Barbara Bowen passed away in Autumn 2019, leaving a legacy of outstanding work in Renaissance humor and facetiae with a primary focus on Rabelais and Montaigne. She was a meticulous scholar and superb linguist, as is evidenced by one of her more labor-intensive and extremely valued publications, “Renaissance Collections of facetiae, 1344-1490: A New Listing.” Renaissance Quarterly 39 (1986), 1-15. She was the author of five major books, including Enter Rabelais, Laughing (1998) and Humor and Humanism (2004), an anthology of her articles. But what cuts across her research throughout her career was an abiding interest in the early modern emblem. She was on the editorial board of Emblematica early on and was publishing in this area even prior to the great boom of emblem studies in the 1980s. Most notable in this regard, from among her many articles and conference presentations are ““Lingua quo tendis? Speech and Silence in Renaissance Emblems” in French Forum 4 (1979), 249-60; “Emblems, Elephants and Alexander” in Studies in Philology 80 (1983), 14-24; and “Two Literary Genres: the Emblem and the Joke” in  Journal of Medieval and Renaissance Studies 15 (1985), 29-35; and most notably, perhaps the crowning achievements of her career as an emblem specialist, “Mercury at the Crossroads in Renaissance Emblems,” in The Journal of the Warburg and Courtauld Institutes, 48 (1985) 222-29, the result of her fellowship at Villa I Tatti in Florence in 1982.

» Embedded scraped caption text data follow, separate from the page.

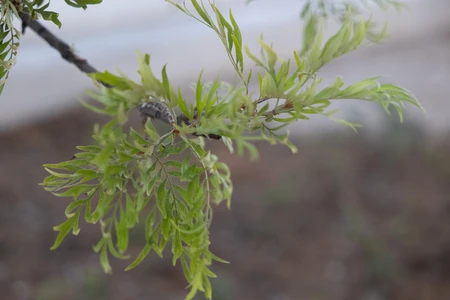 Close-up of Fresh Green Leaves
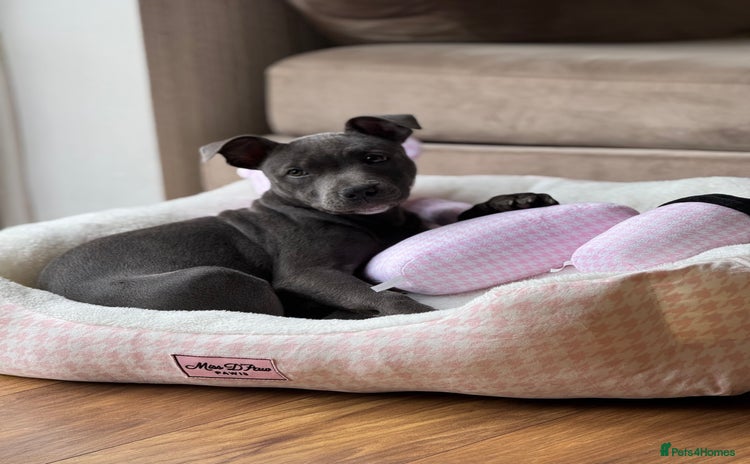 Staffordshire Bull Terrier dogs for sale - Advert 1
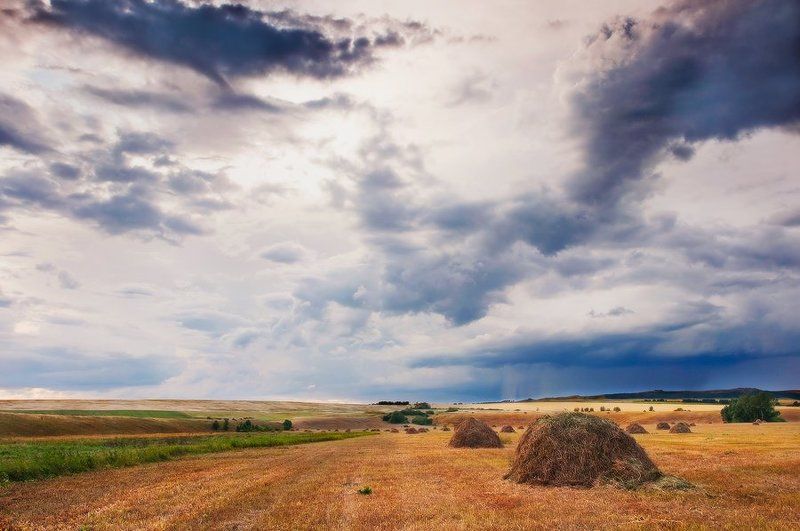 стога, сенокос, тучи, облага, гроза, непогода, лето, июль 72photo preview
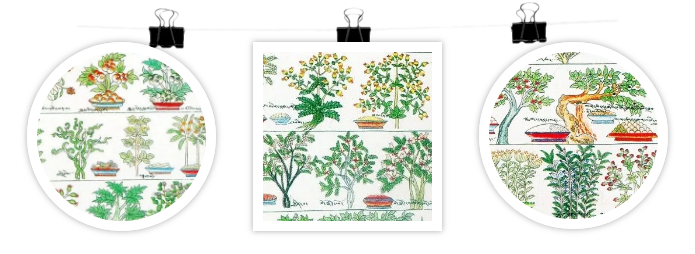 KS凯时·(中国区)官方网站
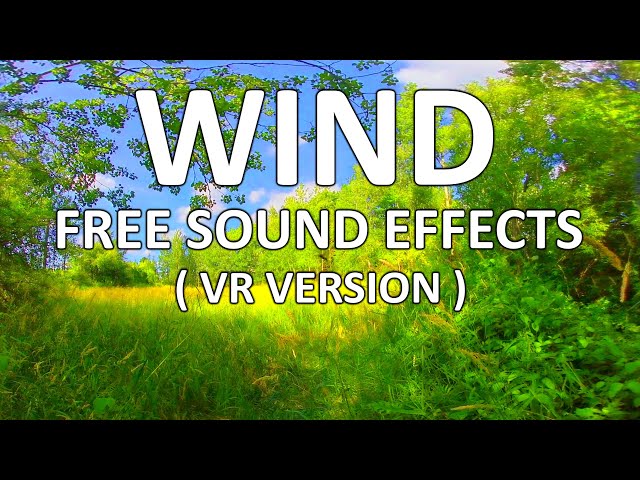 Wind | FREE Video Footage & Sound Effects | Virtual Reality / VR180 Version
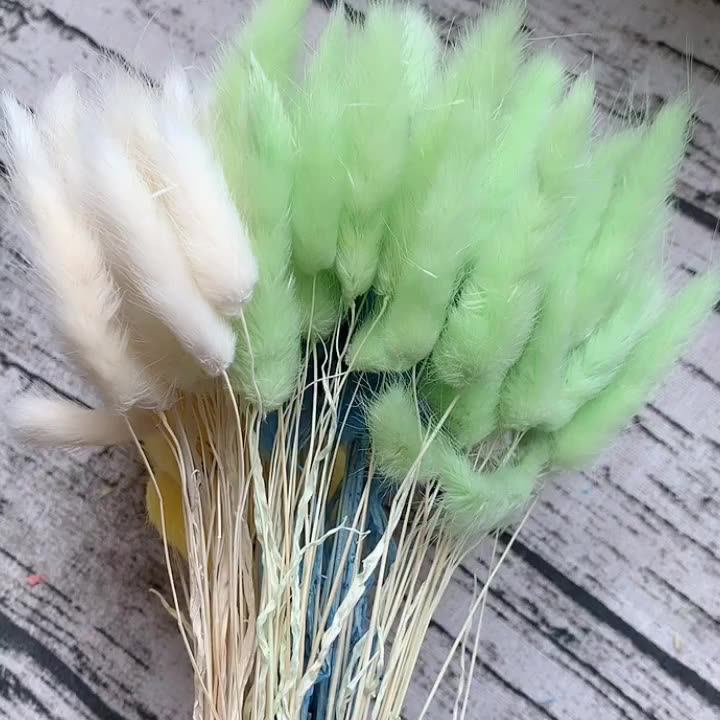Everlasting Dry Bouquet Bunny Rabbit Tails Grass Dried Lagurus Ovatus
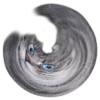 surprised cat 15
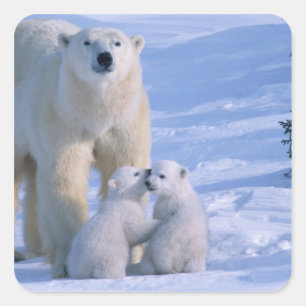 Pegatina Cuadrada Oso Polar femenino de pie con 2 cubos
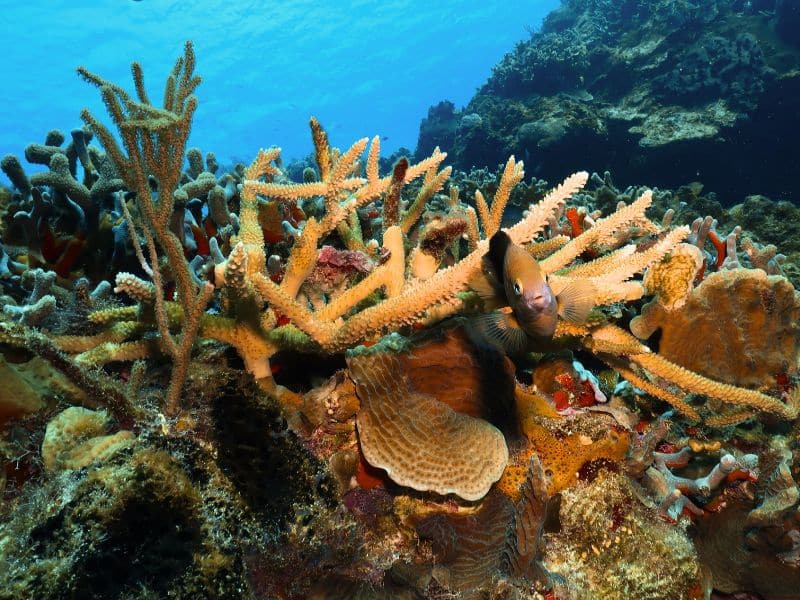 different types of coral - tipos diferentes de coral (2)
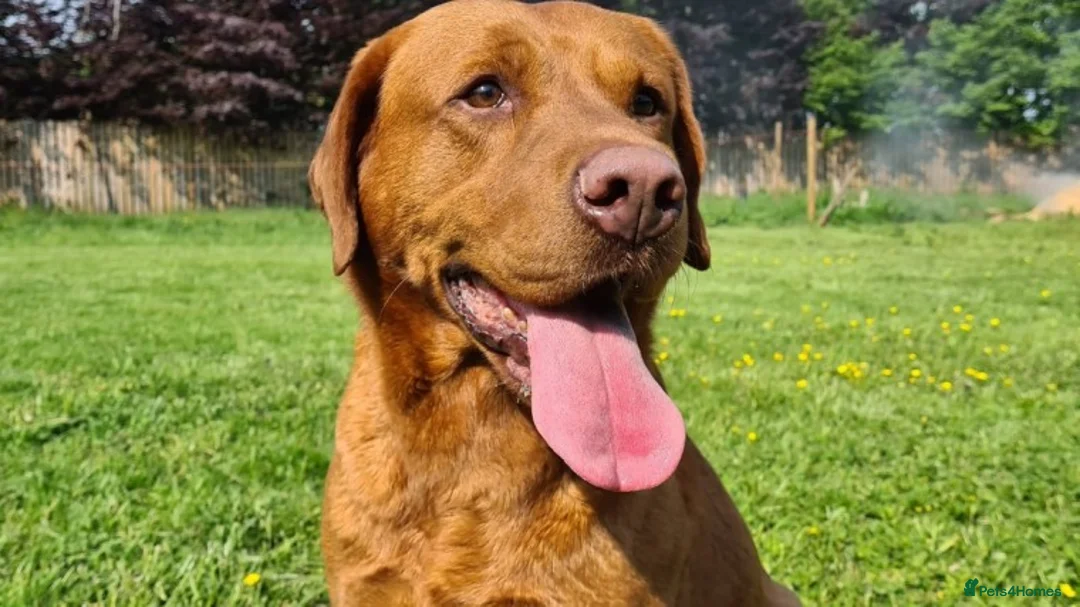 Labrador Retriever dogs for stud: Our Handsome FULLY HEALTH Tested Fox Red Stud Dog in Bristol - Advert 2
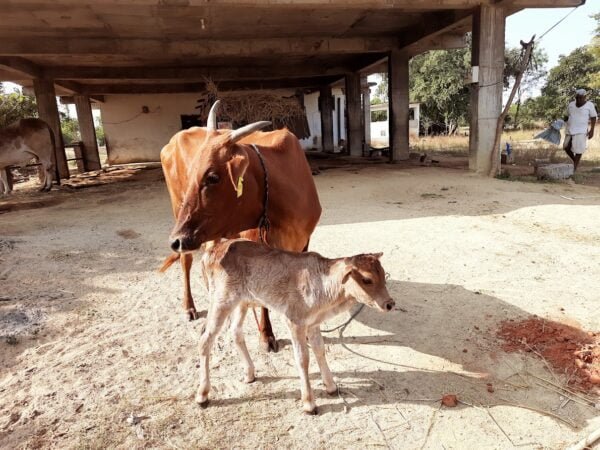 gaushala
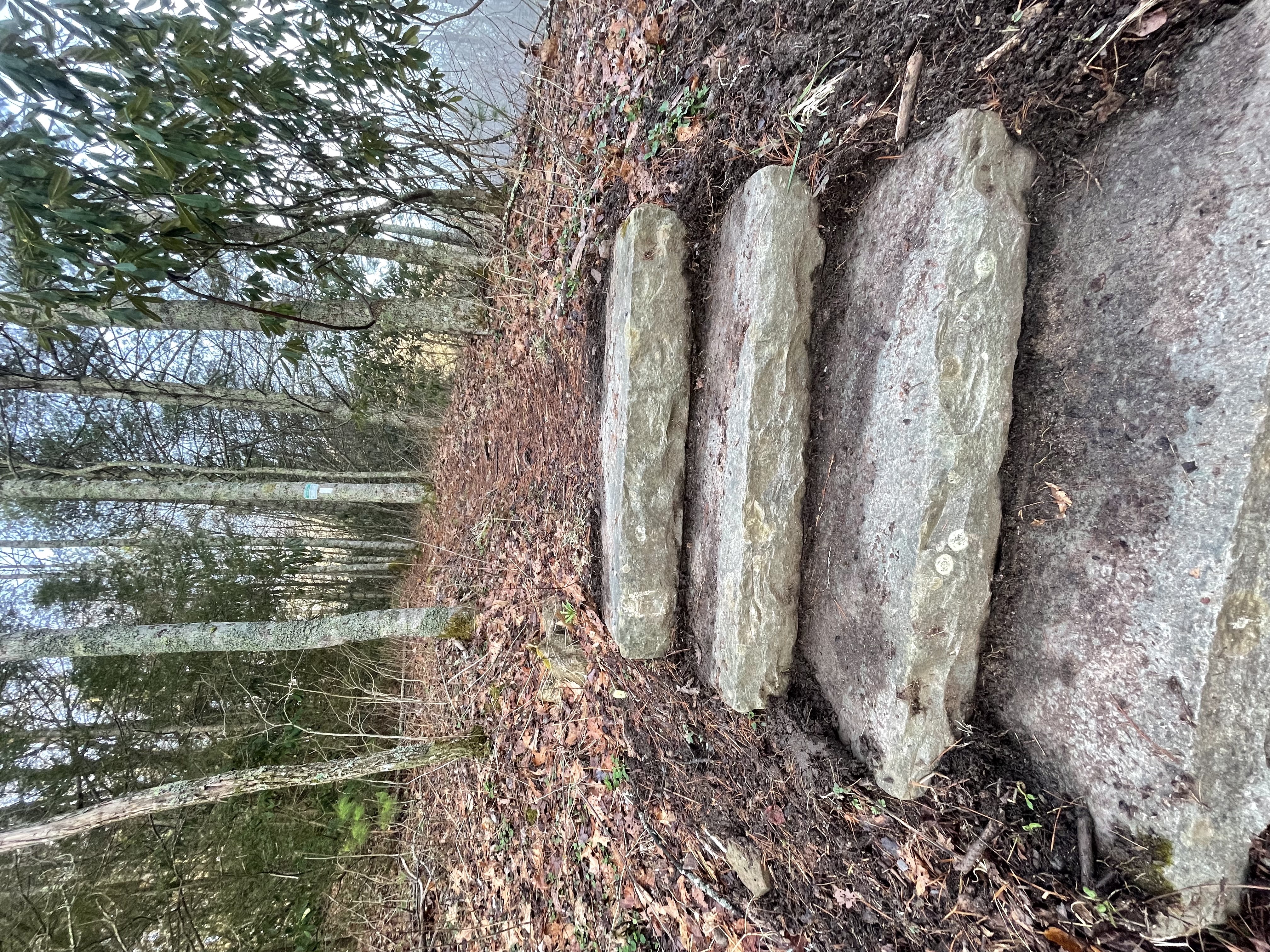 Appalachian Trail: Indian Grave Gap to Chestoa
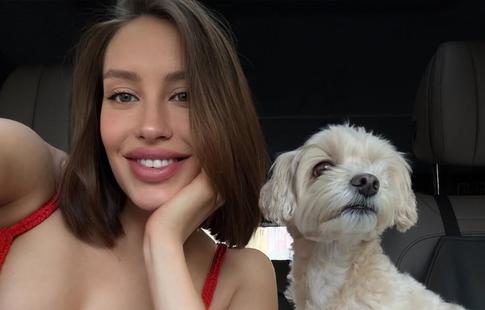 Невеста Тимати Валентина Иванова рассказала о состоянии собаки Киви, перенесшей операцию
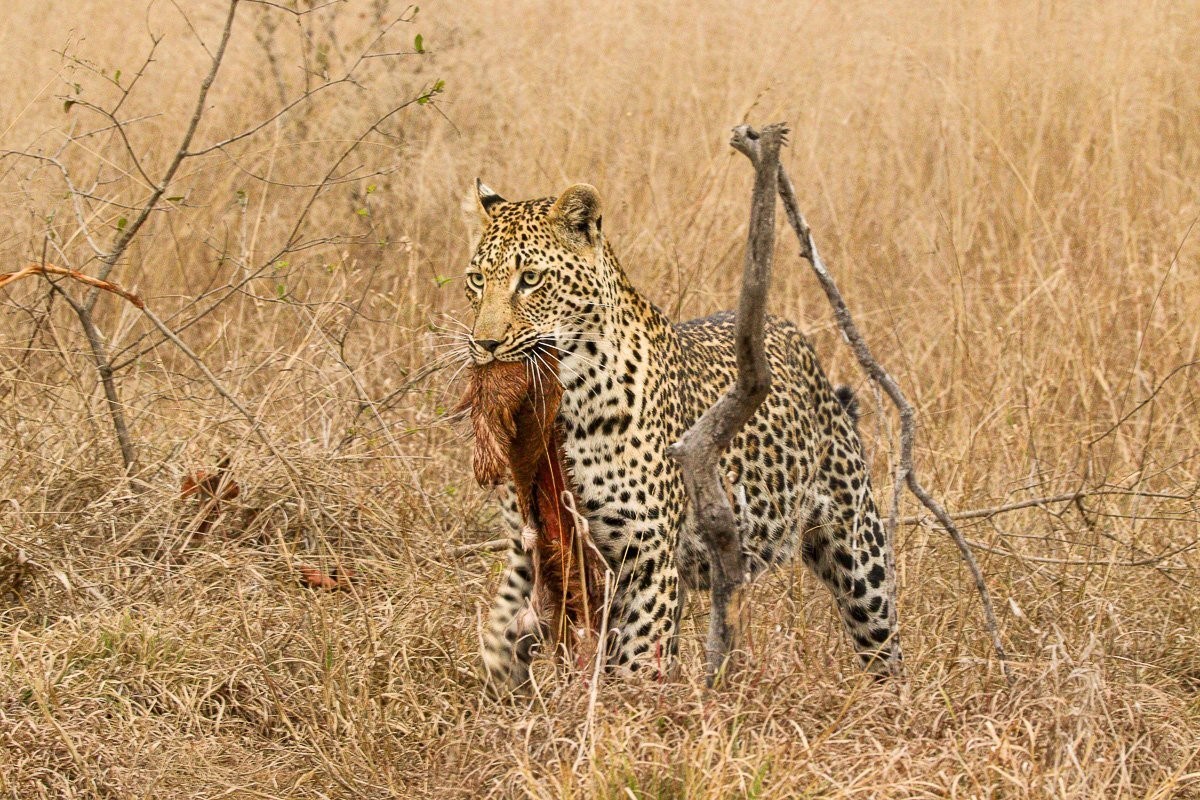 Kurhula female leopard standing alert after recovering what remained of her impala kill.
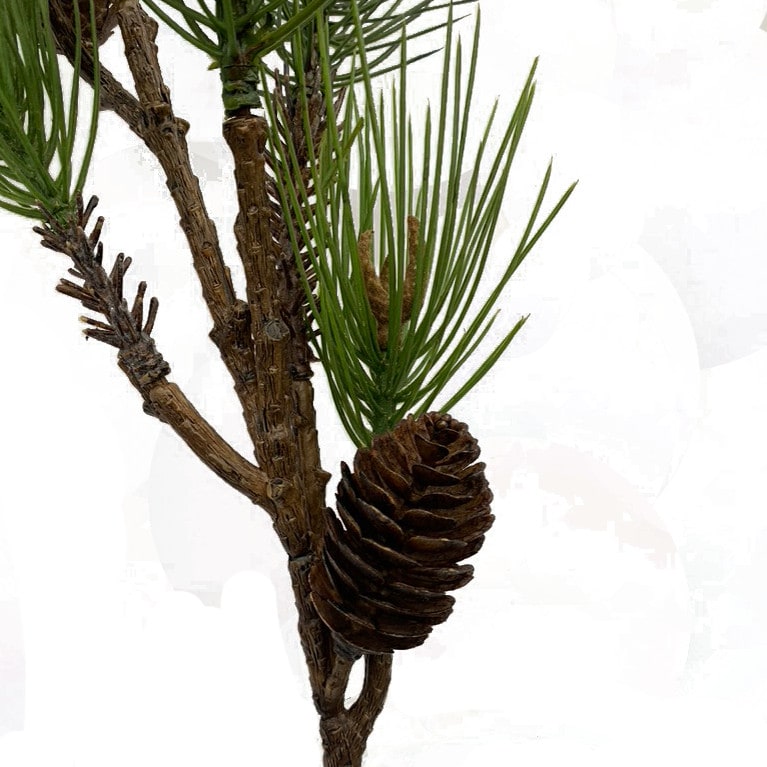 FlowerDutchess pinus dennenappel 75 groen 12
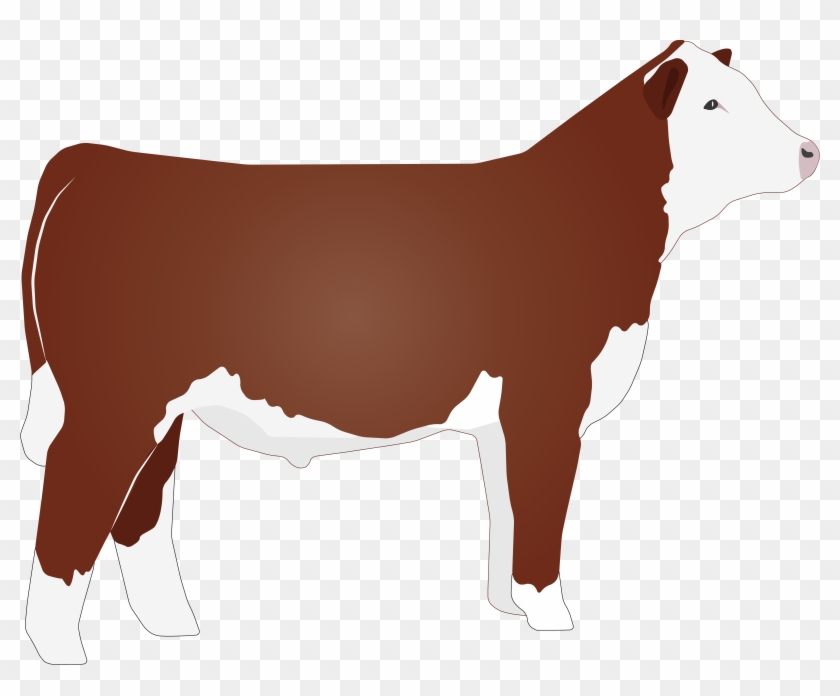 Related Hereford Bull Clipart - Hereford Clip Art #291000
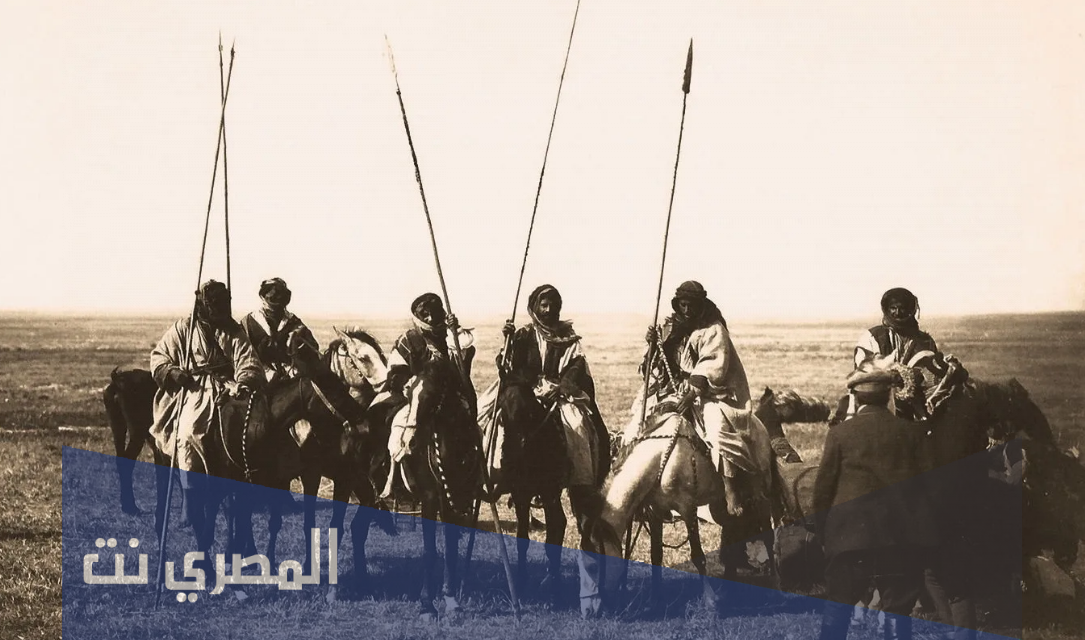 الشلوي وش يرجع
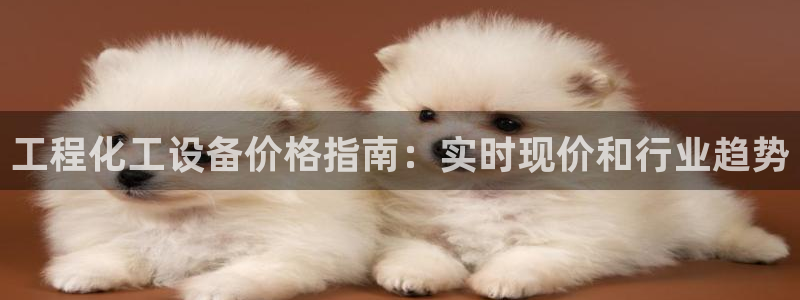新城平台代理注册条件：工程化工设备价格指南：实时现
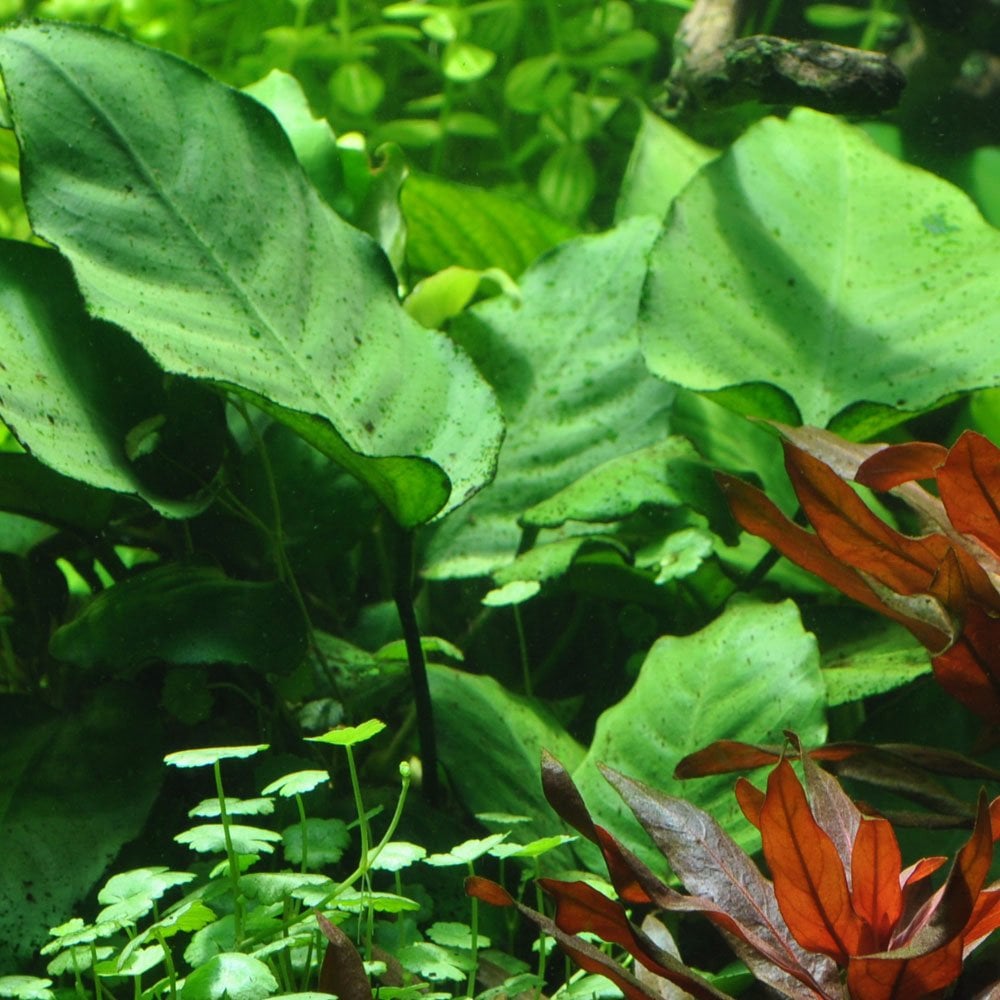 Anubias Barteri Caladiifolia - Live Aquarium Plant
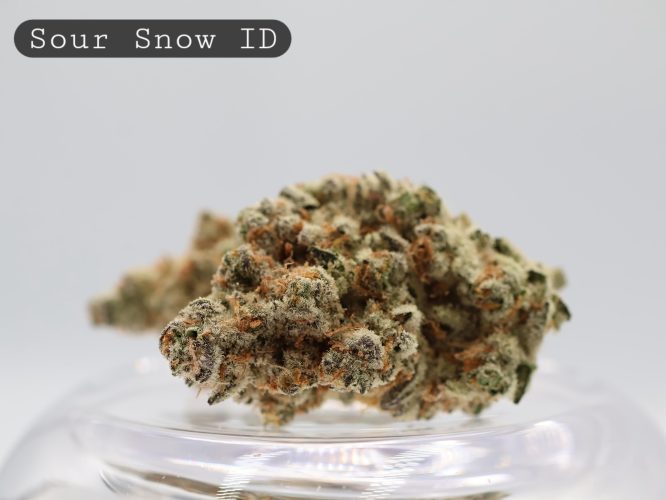 Indoor-Sour-Snow_Cannabis-Flower_The-Dope-Warehouse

Bowen continued to explore key themes and topoi of applied emblematics in presentations such as “Housewife on Tortoise: A Renaissance Emblem topos” at the Sixteenth-Century Studies Conference in Saint Louis, l996, and “Trivial Pursuit: Hercules and Sixteenth-Century Moral Choices” at the Newberry Library Emblem Conference in Chicago, 1998. She was a good citizen in the Commonwealth of Learning, having served as president of the Renaissance Society of America and also wrote 77 book reviews in 21 different journals. Her contributions to the profession overall were recognized by her winning a prestigious John Simon Guggenheim Memorial Award.Â
Having received her B.A. and M.A. from Oxford in 1958 and 1962 respectively, Bowen went on to study at the University of Paris and earned her doctorate, after which she taught at University of Illinois from 1962-87, rounding out her professorial career teaching French and Comparative Literature at Vanderbilt University. She was, incidentally, the first women to lead a department in the School of Arts and Science at that institution. Moreover, the percentage of doctoral students in French finding positions upon degree completion statistically was one of the highest in the nation under her directorship. She became an emerita professor in 2002.
Within the profession at large—as at her home university—Barbara Bowen was a formidable and unflinching advocate for social justice, a generous colleague, and a devoted friend whose incisive scholarship and genial wit will be sorely missed.